Couple of requirements. 1) Bash must be on your system. 2) Once you have copied the script and saved it you must make it executable. 3) You must have a visible DHCP service internal to your LAN for the script to work. 4) You must have the dhcp client and bridge-utils loaded. They are available in the repositories for Ubuntu/Debian. 5) DO change the code segment — ‘ -u rootuser’ — to an account resident on your machine.

Here it is –
————————————————————————————————————–
#!

#bridging script for virtualbox host networking

modprobe tun
tunctl -t tap0 -u rootuser
tunctl -t tap1 -u rootuser
tunctl -t tap2 -u rootuser
chmod 666 /dev/net/tun

ifconfig eth0 0.0.0.0 promisc
ifconfig tap0 0.0.0.0 promisc
ifconfig tap1 0.0.0.0 promisc
ifconfig tap2 0.0.0.0 promisc

brctl addbr br0
brctl addif br0 eth0
brctl addif br0 tap0
brctl addif br0 tap1
brctl addif br0 tap2
dhclient br0

————————————————————————————————————–

The script could be expanded reasonably by adding more ifconfig, tunctl and brctl lines to the above. But with this set up I have 3 virtual devices — 3 Guests + 1 Host. Also realize that by opening this up you have to apply the same reasonable security to the Guests as you would the Host.
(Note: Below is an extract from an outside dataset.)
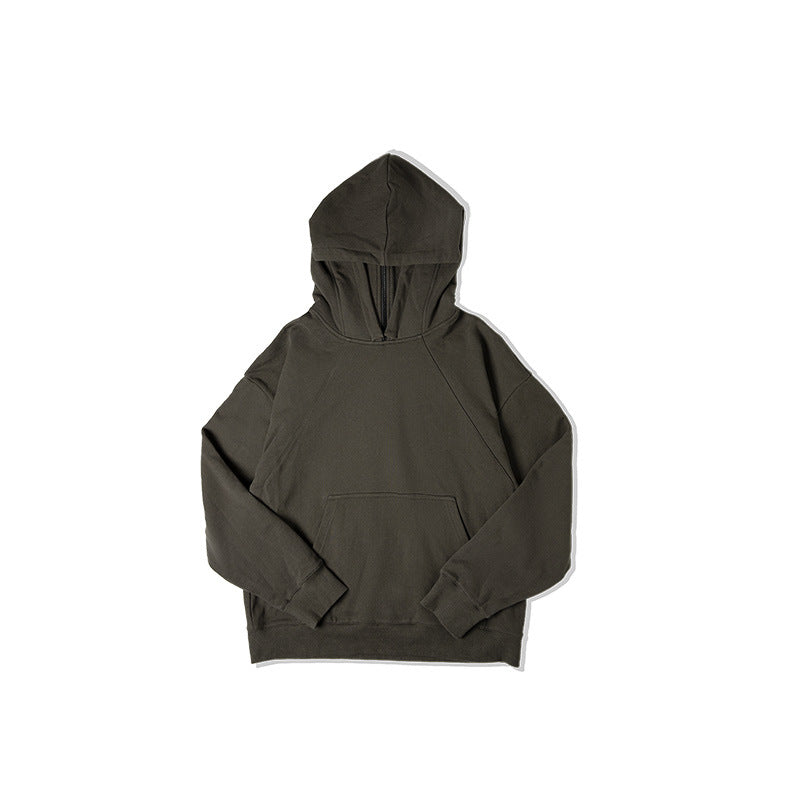 Maden Workwear American Heavyweight Balaclava Hoodie with Zipper High Street Tactical Men's Autumn Coat - Korvel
I have had 1 or 2 folks ask why I run this as a separate script. Simplicity is the primary one. When I fire up the Host in the morning I know it comes up in a std mode of operation without the bridging code in the way. I only need turn on the virtual environment when I will work in that mode. One mouse click and two keystroke at command line and I am ready for the day. The other is I build Guests to do certain things. Servers like DB, mail and web usually are set to tap0 or tap1. I then reserve tap2 for any specialized client I need.

Try it. I think you will find it useful and takes the mystery out of Host networking without really trying. Its a good thing.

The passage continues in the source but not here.